### Work required:
Required from the data below: the exact lines starting at the line containing "佛山市人均收入_佛山市地图(3)" and ending at the line containing "Patent US12147900 Figure", with both ends kept and all pictures dropped.

### Exercise inputs:
■ ■ ■ ■
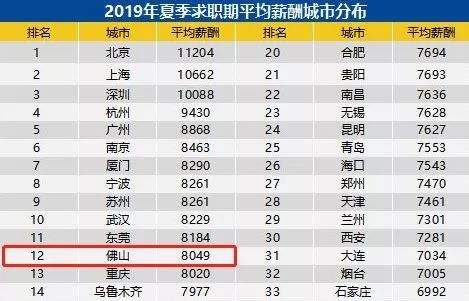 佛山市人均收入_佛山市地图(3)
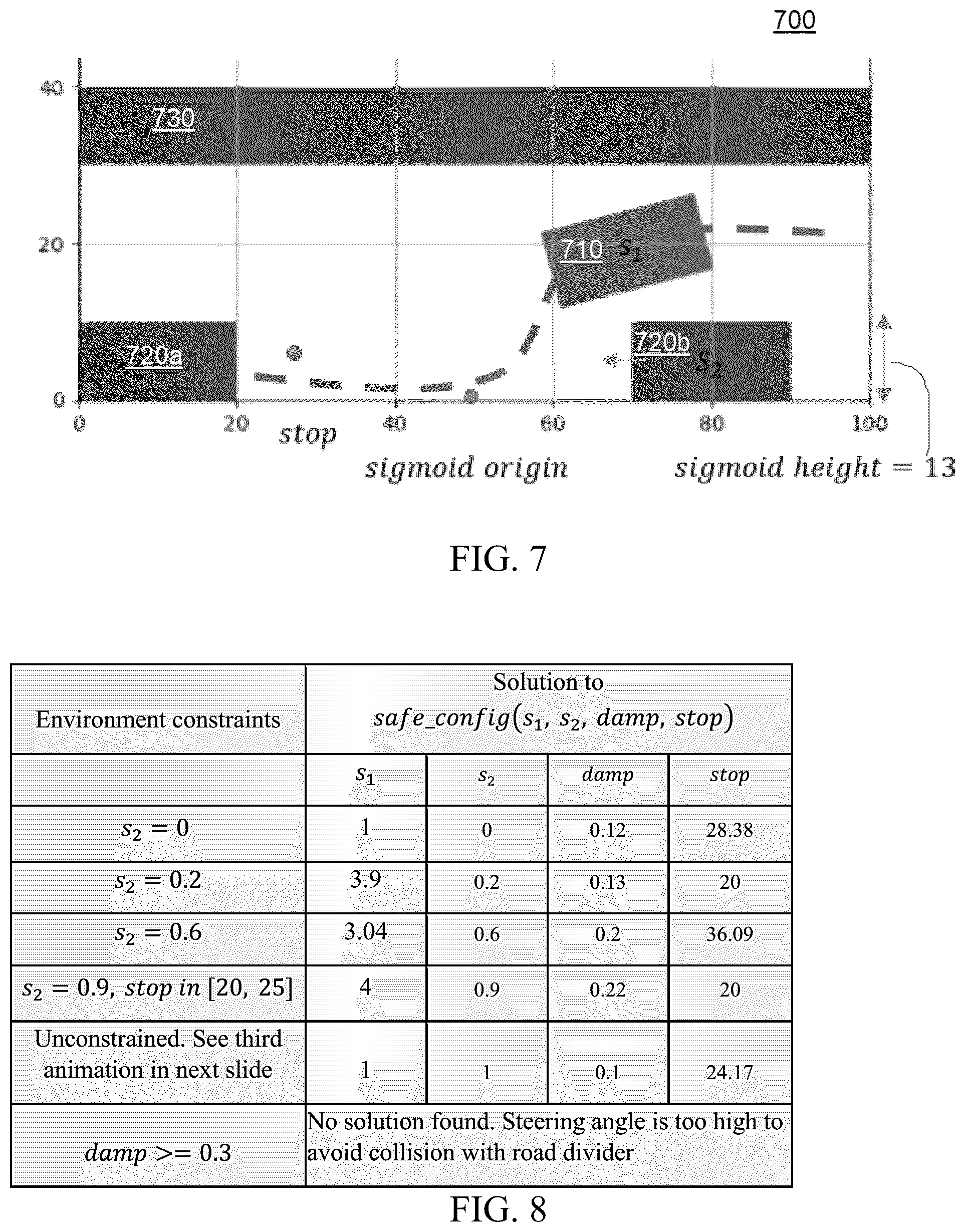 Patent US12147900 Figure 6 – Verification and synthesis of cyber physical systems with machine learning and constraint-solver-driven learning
■ ■ ■ ■
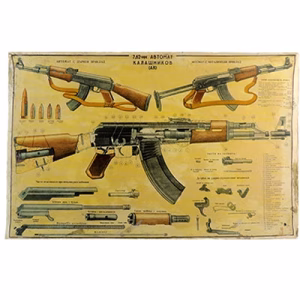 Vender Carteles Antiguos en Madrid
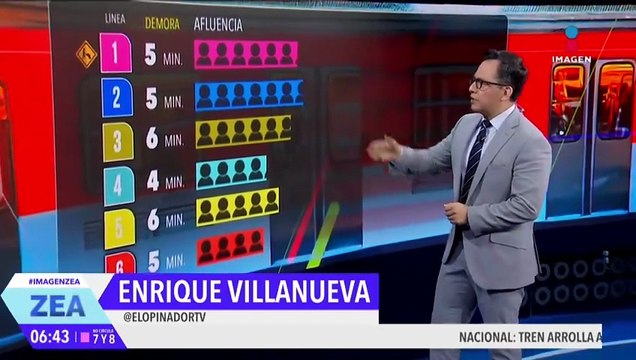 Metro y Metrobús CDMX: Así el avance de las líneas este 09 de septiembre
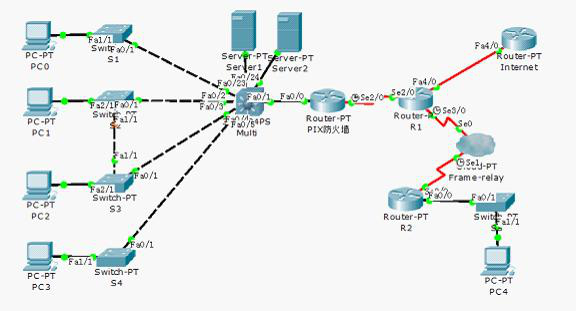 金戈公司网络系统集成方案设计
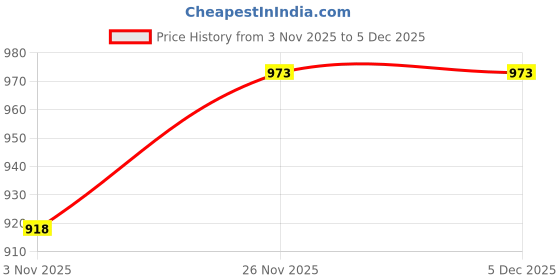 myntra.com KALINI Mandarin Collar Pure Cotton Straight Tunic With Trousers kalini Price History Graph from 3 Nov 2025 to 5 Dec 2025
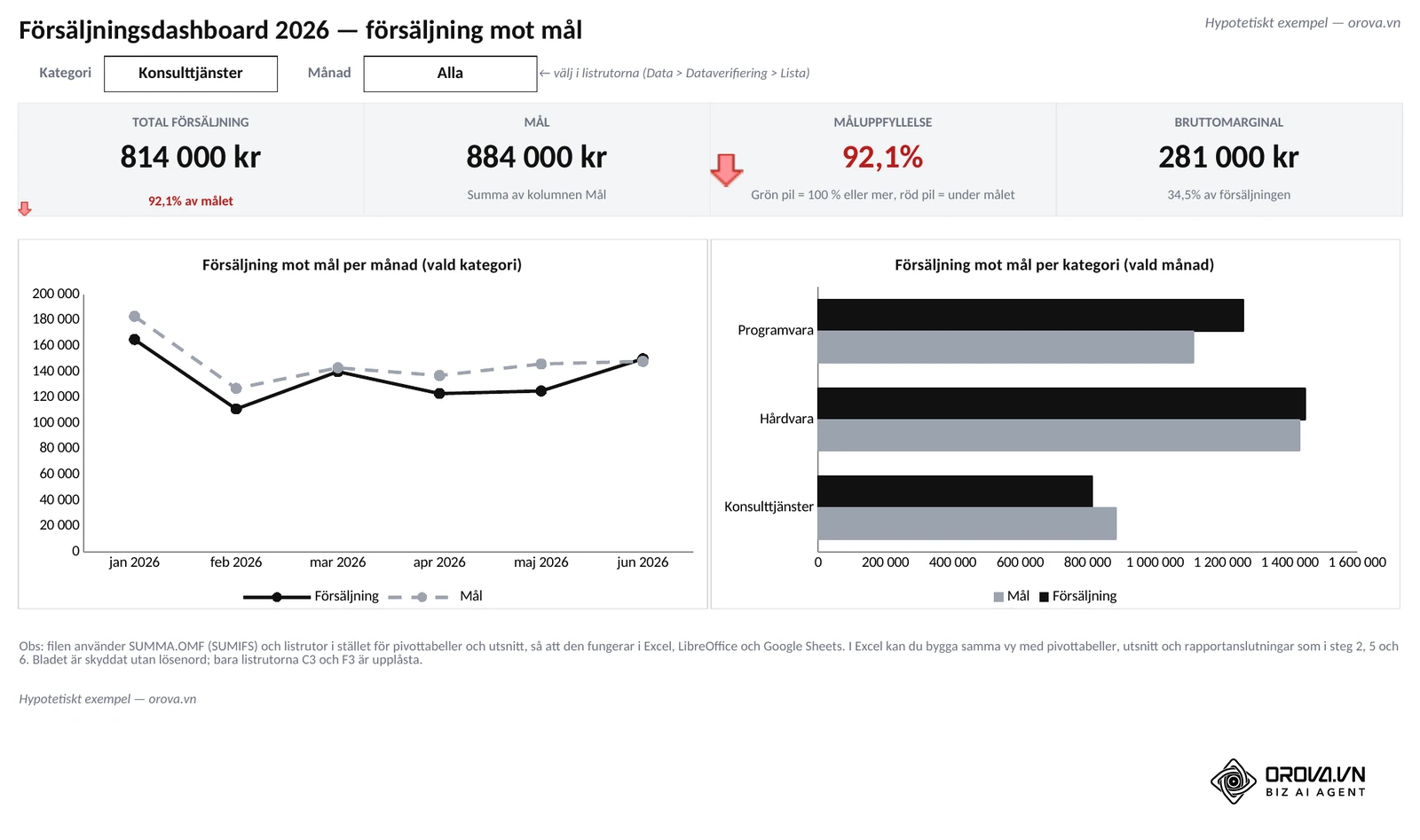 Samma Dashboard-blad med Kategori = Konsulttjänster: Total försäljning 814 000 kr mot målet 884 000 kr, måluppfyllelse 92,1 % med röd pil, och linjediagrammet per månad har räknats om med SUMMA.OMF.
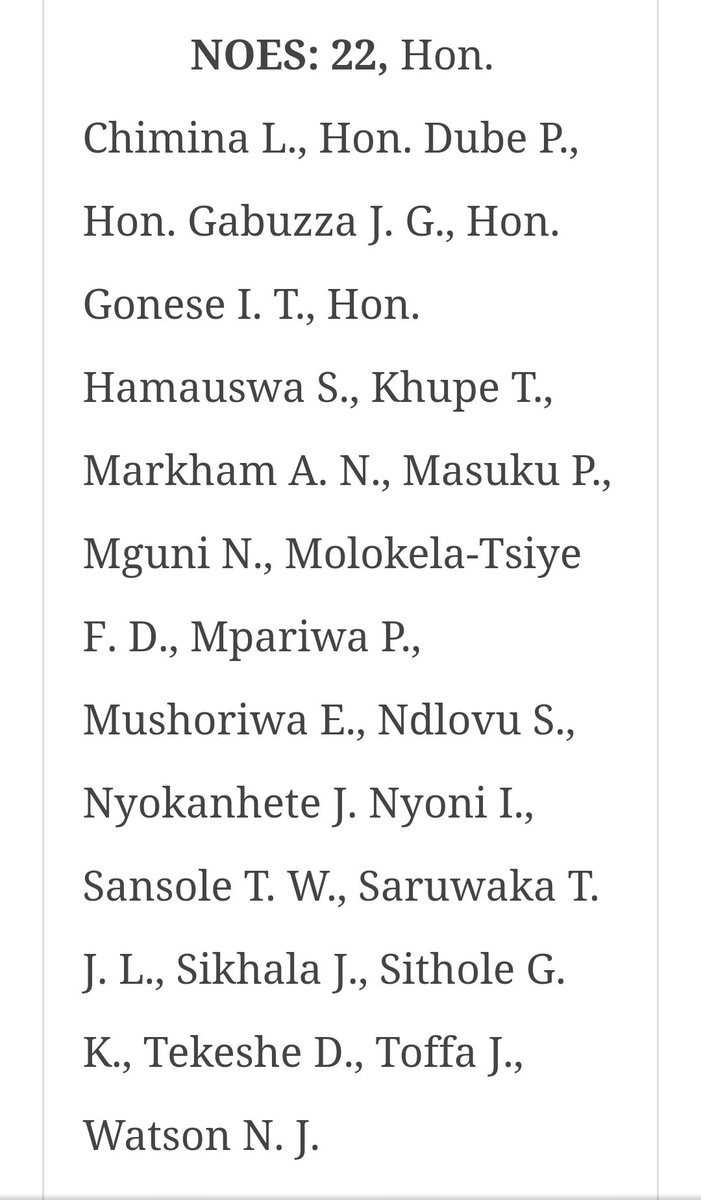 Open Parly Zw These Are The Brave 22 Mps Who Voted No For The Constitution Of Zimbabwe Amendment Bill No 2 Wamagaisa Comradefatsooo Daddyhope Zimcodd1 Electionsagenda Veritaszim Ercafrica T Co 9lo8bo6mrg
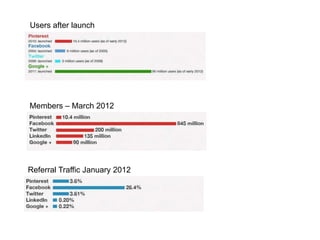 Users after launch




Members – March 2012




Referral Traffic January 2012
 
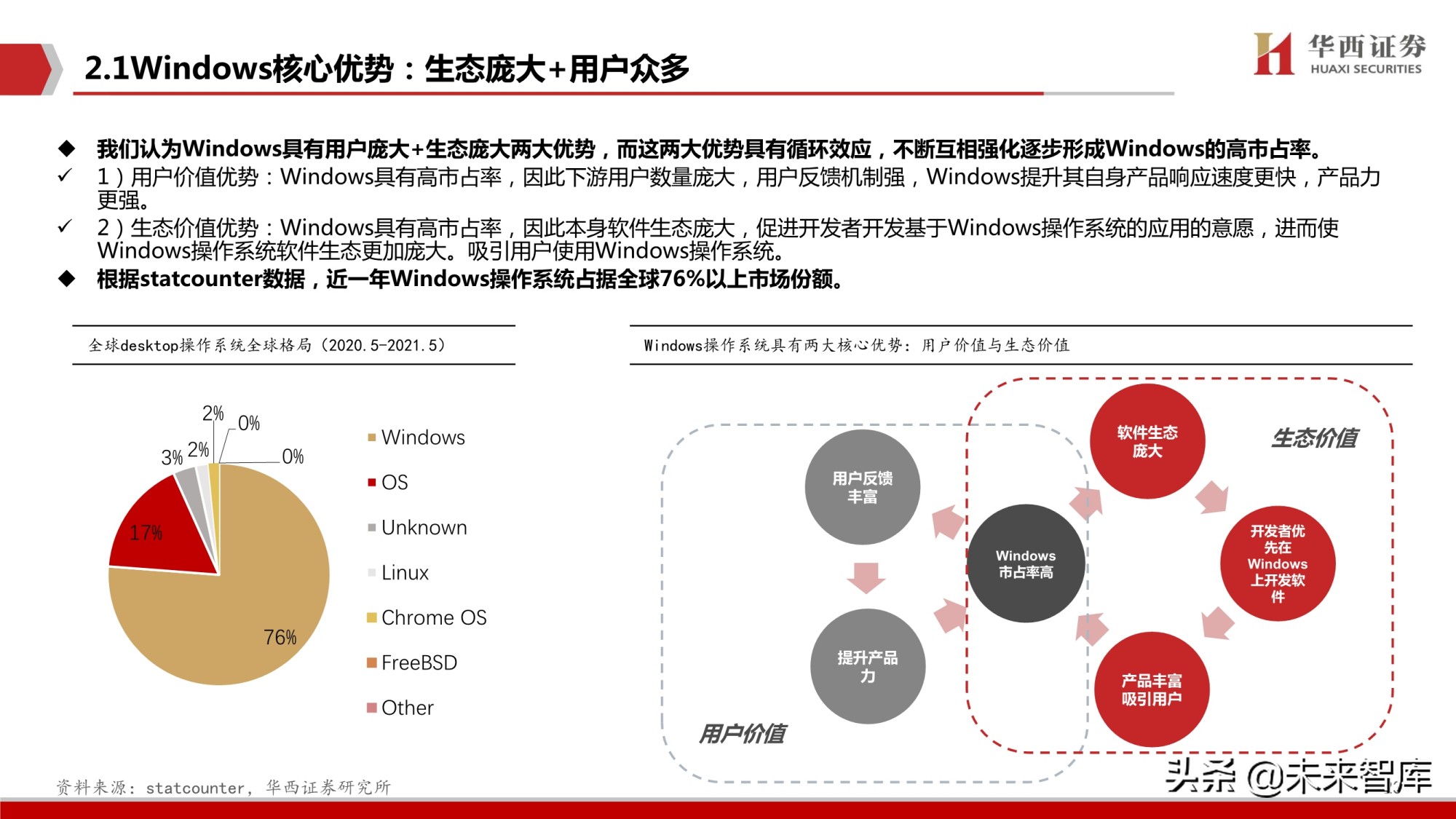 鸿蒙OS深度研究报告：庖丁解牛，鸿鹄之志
■ ■ ■ ■
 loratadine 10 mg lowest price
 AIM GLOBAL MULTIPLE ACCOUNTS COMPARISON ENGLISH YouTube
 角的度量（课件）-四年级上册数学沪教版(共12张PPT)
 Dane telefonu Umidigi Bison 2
■ ■ ■ ■
### Answer box:
 佛山市人均收入_佛山市地图(3)
 Patent US12147900 Figure 6 – Verification and synthesis of cyber physical systems with machine learning and constraint-solver-driven learning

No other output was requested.